Il faut poursuivre les efforts pour identifier et protéger ceux qui n’ont pas encore été enregistrés dans le Registre national de victimes du conflit colombien, plus particulièrement dans les zones rurales difficiles d’accès. Les autorités doivent sensibiliser le public pour que les personnes concernées sachent comment se faire inscrire dans le registre et qu’elles puissent participer aux Comités de victimes (en Colombie comme à l’étranger). Les institutions locales doivent renforcer leurs capacités et accroitre leur financement pour pouvoir répondre aux besoins des victimes.
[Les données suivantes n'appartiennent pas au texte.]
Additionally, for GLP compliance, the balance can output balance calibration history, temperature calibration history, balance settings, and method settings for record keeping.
Même s’il existe un cadre normatif[5] prévoyant la participation des victimes, leur implication effective aux processus consultatifs et décisionnels est loin d’être entièrement garantie et promue.

Le gouvernement doit introduire des mesures pour démanteler les milices paramilitaires et les groupes armés locaux et doit encore finaliser l’accord de paix avec l’ENL[6]. La présence persistante de ces acteurs armés continue de générer quotidiennement des centaines de victimes et pose un problème particulier aux habitants du port de Buenaventura et à ceux qui vivent dans le département du Chocó, dans le corridor pacifique colombien. Parallèlement, le gouvernement doit introduire des programmes de protection et des garanties de sécurité à l’intention des leaders sociaux et des défenseurs des droits de l’homme qui continuent d’être la cible de ces groupes.
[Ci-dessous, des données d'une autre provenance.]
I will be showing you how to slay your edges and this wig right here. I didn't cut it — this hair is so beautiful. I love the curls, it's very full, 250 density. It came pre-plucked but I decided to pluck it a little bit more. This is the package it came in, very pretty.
Le gouvernement doit également reconnaitre l’ampleur du déplacement forcé associé aux projets de développement à grande échelle, aux économies illicites (activités minières illégales y comprises) et aux impacts environnementaux, et légiférer en conséquence.

Finalement, ces changements ne seront effectifs que s’ils s’accompagnent d’un changement de la culture politique, actuellement enracinée dans un système à travers lequel les capitales régionales reçoivent davantage d’attention aux dépens des zones reculées, et qui repose encore trop sur la corruption et le clientélisme. Un changement fondamental dans la compréhension des rôles et des responsabilités des organes nationaux et régionaux est essentiel si la Colombie veut accéder au statut de pays libre de tout conflit.

Amaya Valcárcel amaya.valcarcel@jrs.net
Responsable du plaidoyer international, Service jésuite pour les réfugiés www.jrs.net 

Vera Samudio verasamudio@gmail.com
Responsable du plaidoyer, Service jésuite pour les réfugiés Colombie www.sjrlac.org



[1] Forces armées révolutionnaires de Colombie – Armée du peuple (Fuerzas Armadas Revolucionarias de Colombia – Ejército del Pueblo).

[3] Comisión de Seguimiento y Monitoreo a la implementación de la Ley 1448 de 2011 Ley de Víctimas y Restitución de Tierras

[4] Témoignage fourni par SJR Colombie.

[5] Article 28 et 192 de la Loi 1448 de 2011, Article 17, Décret 4802 de 2011, Décret 790 de 2012, Résolution 0388 du 10 mai 2013, et Résolution 1281 de 2016.

[6] Armée de libération nationale (Ejército de Liberación Nacional).